I stand before the mirror, augmenting my hair, and as I always do when I consider my face at this ruefully expectant time, just before he arrives, I wonder by what calamity of mistaken roads I’ve come to be here, confronting a visage of just such a person as myself with just such a misplaced expression.

And I confess to you that tending to Bishop Rizi’s probing sex that needs to be milked each dawn like a
cow’s distended teat, is not as bad as watching my mother fall asleep when I was nine and sleep for a week and not ever wake up. It is nowhere near as bad as the drunken-when-I-wasn’t-drunk childhood years that followed, when I wandered about in a cloudy haze. The knocking phase I remember clearly: my father locked in the pantry with the cooking woman and my constant knocking on the pantry door to get their attention. They inside, at their foul business, upsetting pots and pans. My knocking and knocking. The cooking woman shouting at me to leave off.

Nothing in my present life is as woeful as watching my father wasting away, coughing blood, then marrying the cook a month before he died. No slights from others sound as cruel as my step-mother telling me I was too fetching and that she wanted to scratch my eyes out for it. And no hardship is as grim as my first year in Seville—1605—the year of the drought.

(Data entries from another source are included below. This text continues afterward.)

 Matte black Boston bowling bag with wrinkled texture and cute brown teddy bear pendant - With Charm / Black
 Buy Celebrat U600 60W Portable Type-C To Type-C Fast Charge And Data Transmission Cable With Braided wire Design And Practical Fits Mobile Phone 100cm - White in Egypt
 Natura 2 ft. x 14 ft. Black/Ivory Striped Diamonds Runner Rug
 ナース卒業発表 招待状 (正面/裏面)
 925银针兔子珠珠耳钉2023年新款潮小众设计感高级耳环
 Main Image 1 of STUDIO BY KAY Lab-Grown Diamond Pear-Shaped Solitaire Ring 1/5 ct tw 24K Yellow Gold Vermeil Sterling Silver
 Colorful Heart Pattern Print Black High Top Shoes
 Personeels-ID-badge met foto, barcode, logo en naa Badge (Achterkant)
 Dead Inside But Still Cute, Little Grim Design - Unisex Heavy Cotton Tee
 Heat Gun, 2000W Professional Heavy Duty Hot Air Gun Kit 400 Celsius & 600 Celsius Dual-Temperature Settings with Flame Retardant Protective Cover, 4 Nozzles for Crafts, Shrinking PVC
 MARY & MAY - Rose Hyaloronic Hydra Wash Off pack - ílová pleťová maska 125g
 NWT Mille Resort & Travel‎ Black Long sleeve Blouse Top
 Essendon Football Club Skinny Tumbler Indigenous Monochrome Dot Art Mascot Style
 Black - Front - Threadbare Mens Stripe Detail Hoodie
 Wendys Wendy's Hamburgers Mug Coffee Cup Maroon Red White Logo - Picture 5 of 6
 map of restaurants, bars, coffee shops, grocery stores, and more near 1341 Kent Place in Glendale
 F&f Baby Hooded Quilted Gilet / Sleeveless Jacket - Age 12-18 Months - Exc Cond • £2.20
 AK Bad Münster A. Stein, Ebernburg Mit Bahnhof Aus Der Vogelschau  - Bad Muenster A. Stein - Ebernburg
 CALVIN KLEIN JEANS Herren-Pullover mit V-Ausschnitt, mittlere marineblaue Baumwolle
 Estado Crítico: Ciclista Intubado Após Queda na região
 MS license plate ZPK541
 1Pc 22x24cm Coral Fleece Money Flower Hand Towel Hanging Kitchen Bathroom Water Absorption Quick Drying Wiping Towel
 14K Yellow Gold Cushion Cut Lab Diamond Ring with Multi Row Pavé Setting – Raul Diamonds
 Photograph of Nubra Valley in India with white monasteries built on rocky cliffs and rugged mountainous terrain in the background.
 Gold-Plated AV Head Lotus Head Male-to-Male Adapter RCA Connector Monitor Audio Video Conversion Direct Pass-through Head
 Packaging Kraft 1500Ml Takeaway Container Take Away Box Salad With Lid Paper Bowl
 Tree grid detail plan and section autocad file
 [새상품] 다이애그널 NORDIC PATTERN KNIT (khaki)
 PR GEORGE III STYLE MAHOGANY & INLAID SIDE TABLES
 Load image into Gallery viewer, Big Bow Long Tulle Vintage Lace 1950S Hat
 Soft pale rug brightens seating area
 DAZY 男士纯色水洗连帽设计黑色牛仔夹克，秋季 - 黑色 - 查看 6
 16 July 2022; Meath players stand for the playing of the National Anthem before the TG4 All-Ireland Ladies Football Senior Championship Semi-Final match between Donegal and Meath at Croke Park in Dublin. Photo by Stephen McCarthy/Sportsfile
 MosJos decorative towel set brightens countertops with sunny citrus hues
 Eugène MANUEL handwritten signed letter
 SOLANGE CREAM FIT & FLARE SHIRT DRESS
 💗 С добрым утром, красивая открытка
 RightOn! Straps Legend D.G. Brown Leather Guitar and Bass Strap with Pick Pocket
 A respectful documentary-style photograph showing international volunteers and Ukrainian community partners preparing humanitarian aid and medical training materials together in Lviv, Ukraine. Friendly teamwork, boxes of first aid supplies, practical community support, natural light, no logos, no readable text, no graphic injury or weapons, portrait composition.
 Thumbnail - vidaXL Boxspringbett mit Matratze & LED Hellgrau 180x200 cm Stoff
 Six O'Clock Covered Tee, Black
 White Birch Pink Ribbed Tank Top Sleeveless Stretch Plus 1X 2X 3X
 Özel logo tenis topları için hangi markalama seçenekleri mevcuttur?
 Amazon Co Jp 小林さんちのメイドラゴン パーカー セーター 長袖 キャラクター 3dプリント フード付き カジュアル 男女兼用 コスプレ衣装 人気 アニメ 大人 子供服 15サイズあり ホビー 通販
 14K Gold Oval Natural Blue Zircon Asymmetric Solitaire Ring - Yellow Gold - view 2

‘The padres will put us in the orphanage,’ warned my friend Hortense who’d fled the village with me. We were walking down a Sevillian street when the famous dust-storm struck. I shut my eyes, choked on flying soil. Before I knew what had happened someone had pulled me into a tavern for safety. A mature woman offered me a hot meal and a cot for the night. In the darkness, later, a strange man forced
himself upon me, forced himself into me. I laughed with embarrassment. Why was he doing this? It was a mistake. He hasn’t recognised me for the wrong person. Instead of fighting him off, which I would have done now, I started talking to him like he was a decent human being.